Как много значит в науке обыкновенная наблюдательность!..
В конце XIX века В. Ф. Миллер, будущий академик, обратил внимание на деталь, мимо которой проходили ученые как до, так и после него. Курьезно, но и сам Миллер, увлекшись позднее изучением исторической основы былин, в том числе и былины о Соловье-разбойнике, к своему наблюдению уже не возвращался. А жаль. Оно способно стать тем кончиком нити, потянув за который, можно постепенно распутать если и не весь клубок загадок образа Соловья, то, во всяком случае, его немалую часть.

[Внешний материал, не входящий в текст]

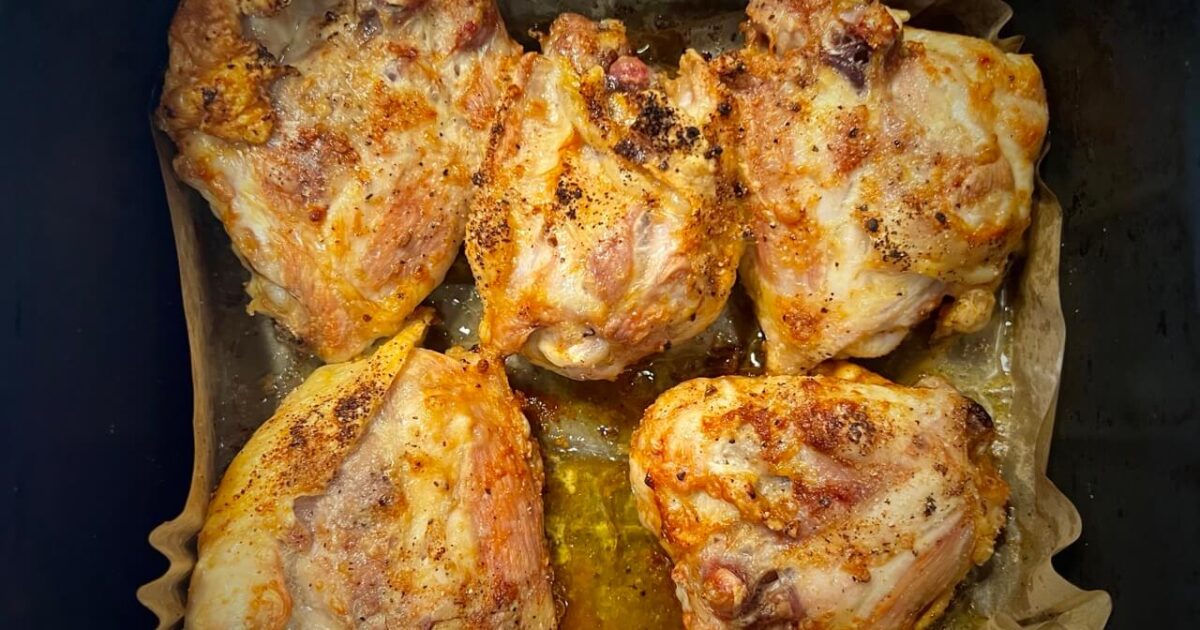 Super Easy Air Fryer Chicken Thighs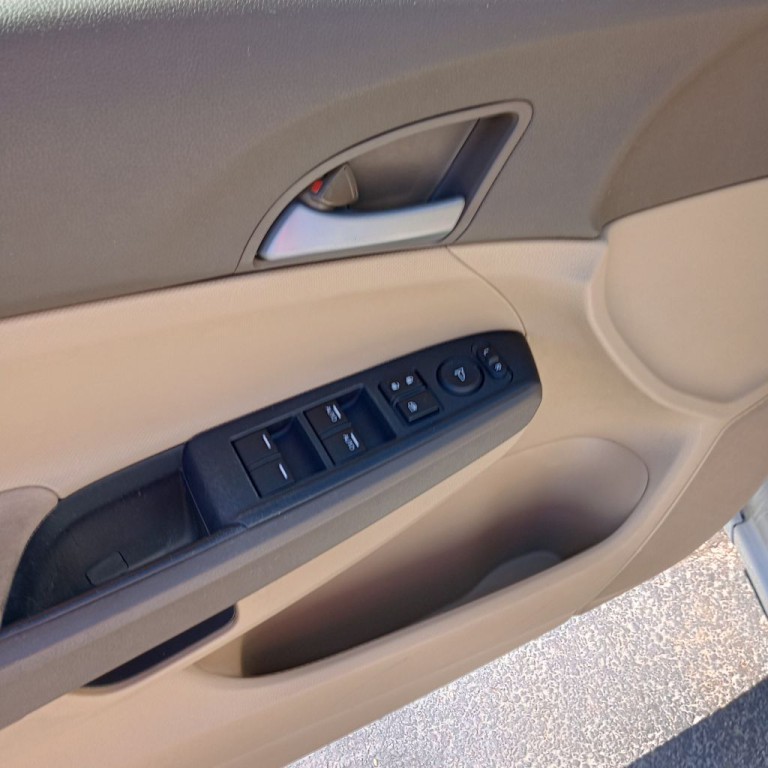2009 Honda Accord Image 12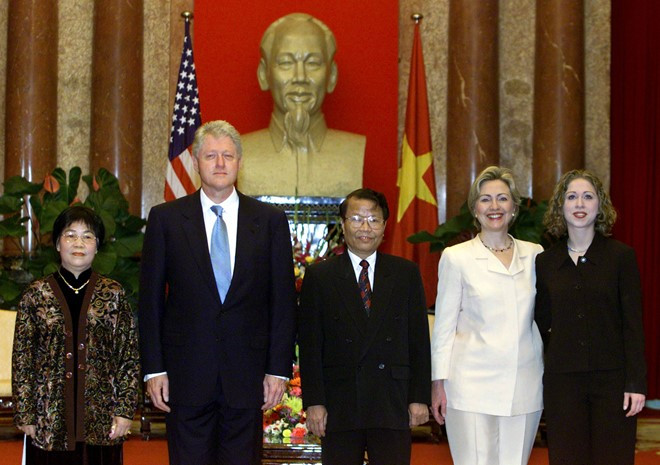 tong thong bill clinton va chuyen tham lich su nam 2000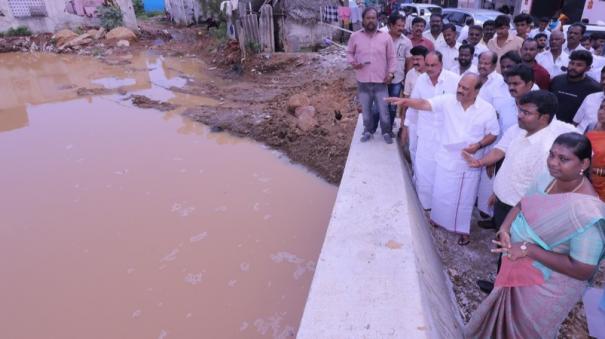 construction-of-closed-canal-at-muvarasanpattu-lake-for-3-km-at-rs-33-crore-minister-review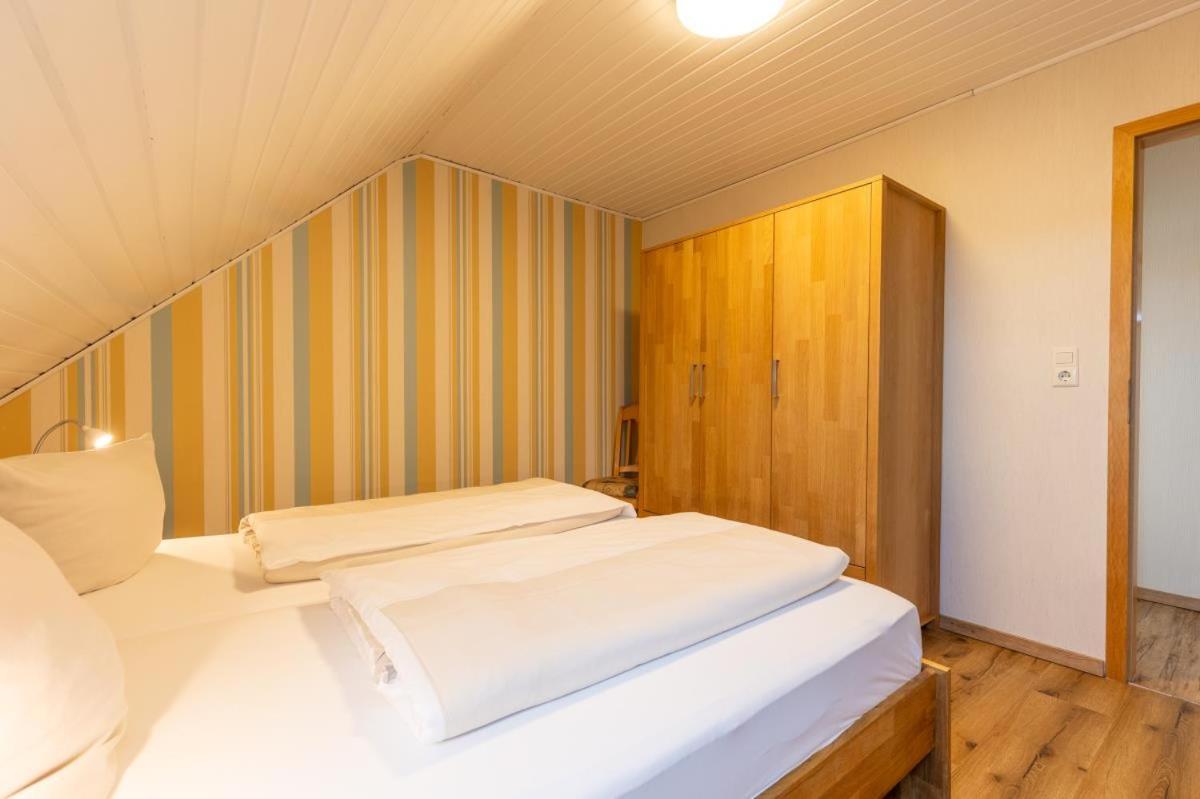뉴할링거지어 Friesenhof Janssen - Urlaub Auf Dem Bauernhof 아파트 외부 사진
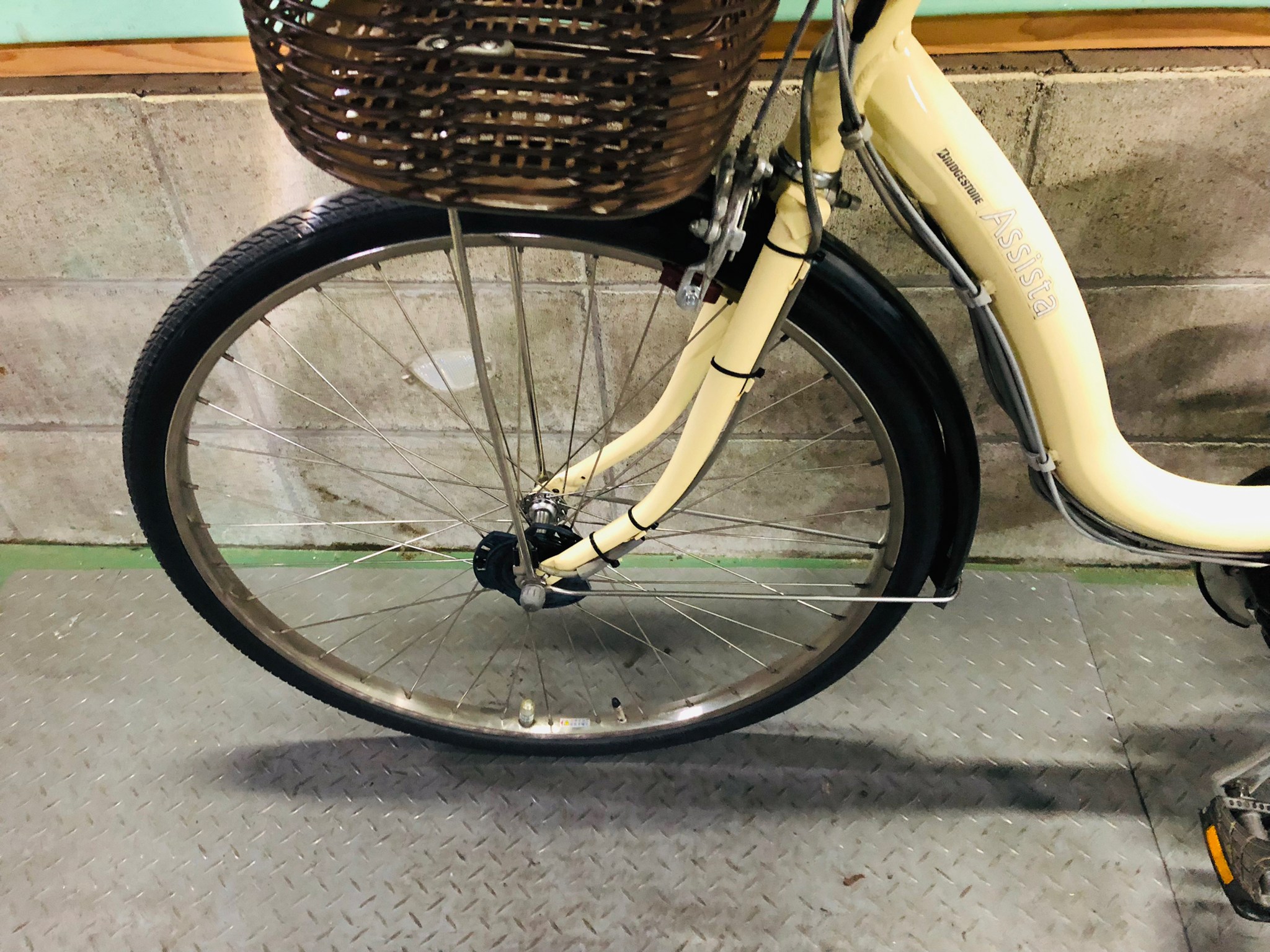 SOLD OUT】電動自転車 ブリヂストン Assista 26インチ 6.6Ah ベージュ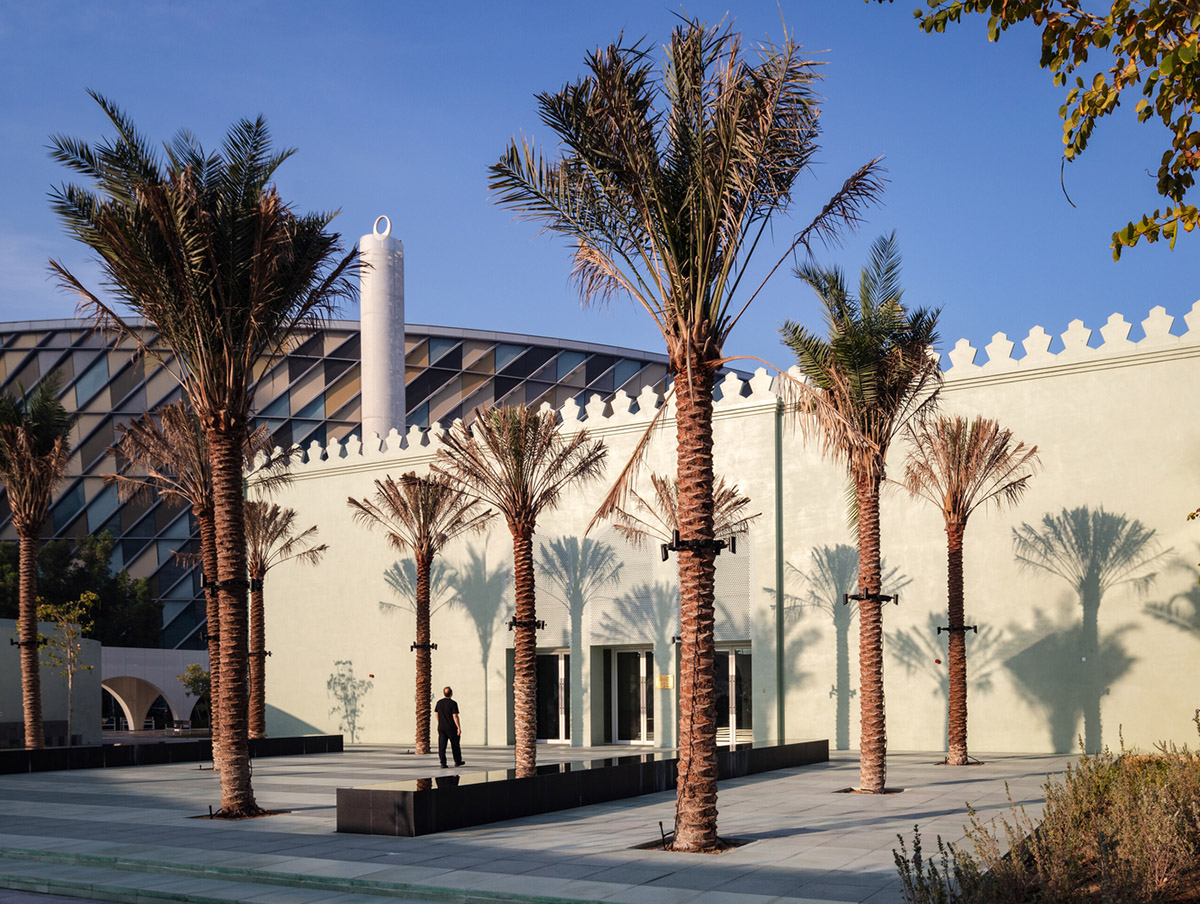 Waiwai окружает мечеть в Дубае перфорированной аркадой с колоннадой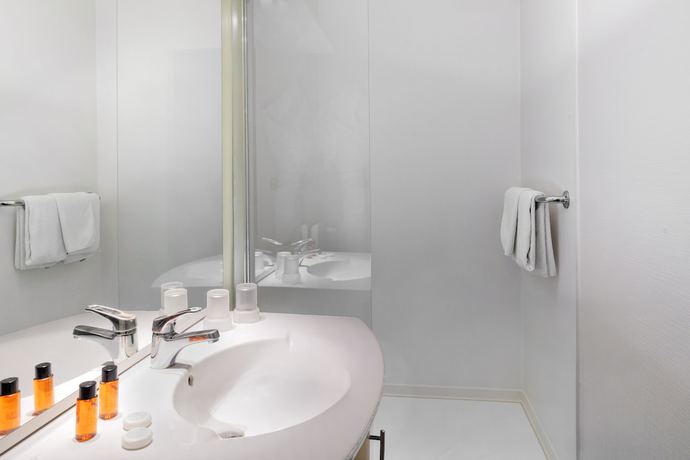 Imagen de la habitación del Hotel Le Grand Hotel, DAX. Foto 15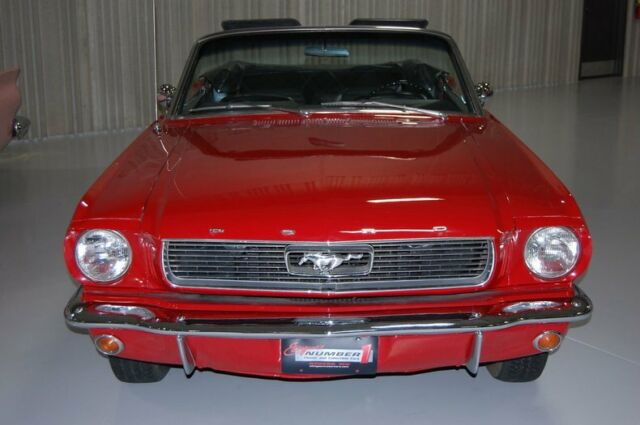 Ford Mustang 1966 image number 23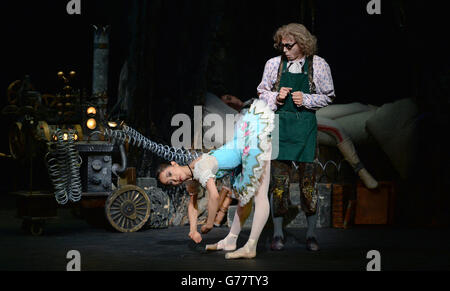 Erina Takahashi joue le rôle de Swanilda et Daniel Kraus joue le rôle de Dr Coppelius lors d'une répétition de robe pour le Coppelia du Ballet national anglais au Colisée, Londres, qui ouvre le 23 juillet. Banque D'Images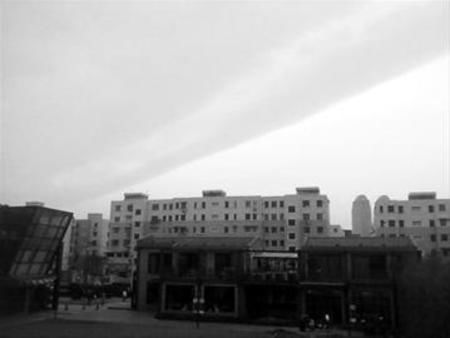 上海天空突现“阴阳云”奇观 与地震无关(图)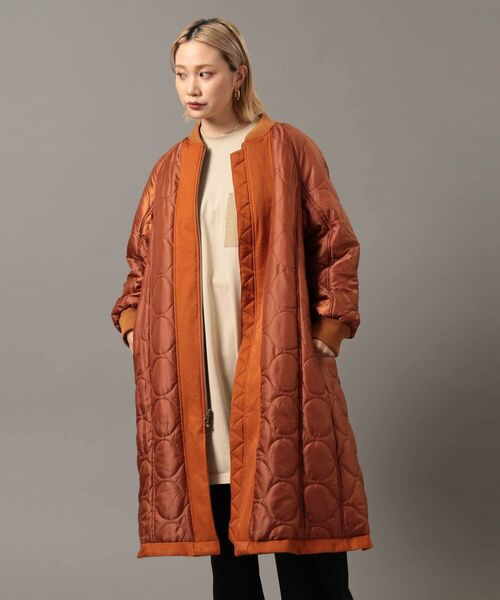 AVIREX（アヴィレックス）の「【Women's】MA-1ロングコンビネーションコート/ MA-1 LONG COMBINATION COAT（ダウンジャケット/コート・レディース・ブラック/レンガ/オリーブ・SMALL/MEDIUM）」の4枚目の写真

Вот над чем задумался В. Ф. Миллер: «Илья, по-видимому, не желает убить Соловья, а между тем пускает ему стрелу в глаз — в одно из самых уязвимых мест. Былины говорят даже, что стрела вышибла Соловью правое око со косицею или вышла в левое ухо, за чем, казалось бы, должна последовать немедленная смерть. Это стреляние в глаз, однако без цели убить, представляется нам странным». Противоестественность ситуации, добавлю, почувствовал не только ученый. Несколько исполнителей былины и переписчиков повести о Соловье-разбойнике сделали одну и ту же примечательную ошибку: сообщили, что Илья Муромец убил Соловья при первой встрече, хотя далее в их текстах разбойник как ни в чем не бывало разговаривает, свистит и т. п. Столь сильной оказывалась подсознательная уверенность, что богатырский выстрел в глаз должен быть смертелен…
Разгадка этого парадокса, найденная В. Ф. Миллером, проста и правдоподобна. «Нам кажется, — писал он, — что в стрелянии именно в глаз нужно видеть survival (пережиток. — Ю. М .) того сказочного мотива, что для некоторых чудовищных или вообще исключительных существ смерть возможна при условии поражения только одного определенного места на теле». Действительно, в эпосах народов мира единственным уязвимым местом противника главного героя иногда является глаз. Но даже если соответствующий мотив в былине знаменовал собой лишь богатырскую меткость стрельбы и ничего больше, все равно выстрел в глаз предполагает смерть, и, таким образом, В. Ф. Миллеру удалось нащупать в сюжете былины о Соловье-разбойнике след другого, более старого сюжета с несколько иной логикой противоборства.
Опираясь на это наблюдение, можно представить себе следующее. Как и у других народов, у восточных славян издревле существовало сказание о победе некоего героя над мифологическим чудовищем. Выехал этот герой на схватку с непобедимым прежде врагом, выдержал его атаку и убил стрелою в глаз. Не исключено, что завершалось сказание так же, как и некоторые упоминавшиеся ранее прозаические тексты: герой разрубил тело грозного Соловья на кусочки, и они превратились в безобидных соловьев.